**Exercise brief**
One exact copy of the listing is needed. It should contain no pictures.

**Given data**
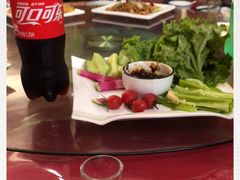 -遇见小院—虹鳟鱼•农家菜(怀柔店)
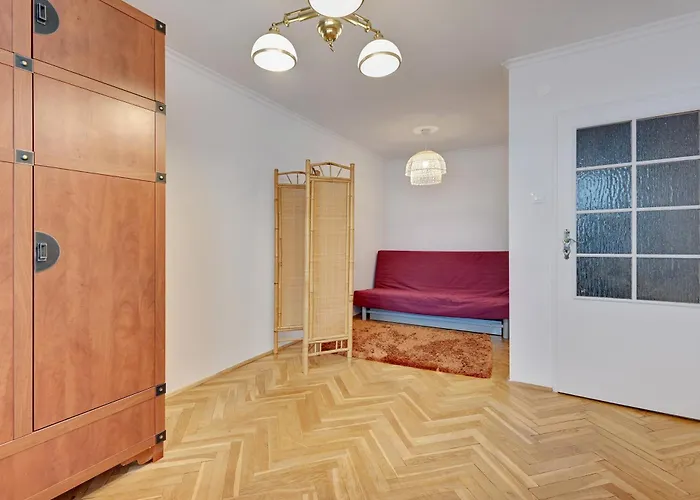 Cosy Przymorze - By Platinium Lofts Apartment *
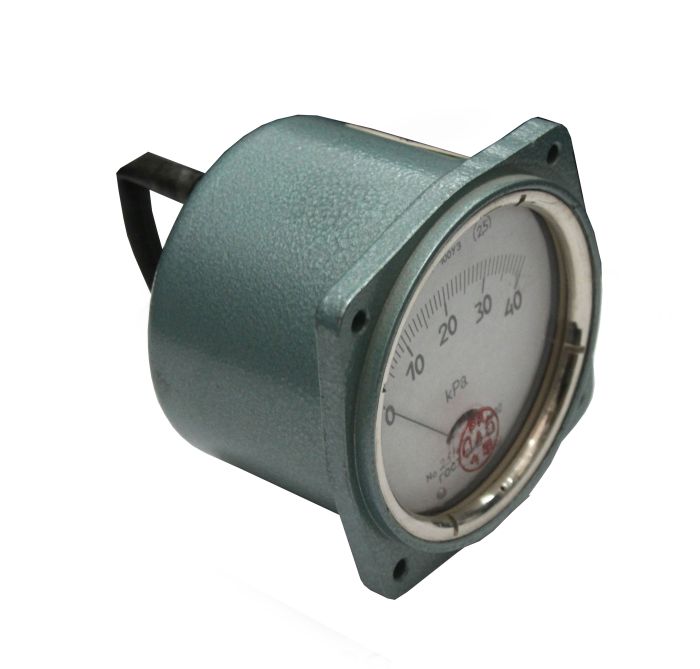 Напоромер НПМ-100 У3, 0-40 кРа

**Result for this exercise**
 -遇见小院—虹鳟鱼•农家菜(怀柔店)
 Cosy Przymorze - By Platinium Lofts Apartment *
 Напоромер НПМ-100 У3, 0-40 кРа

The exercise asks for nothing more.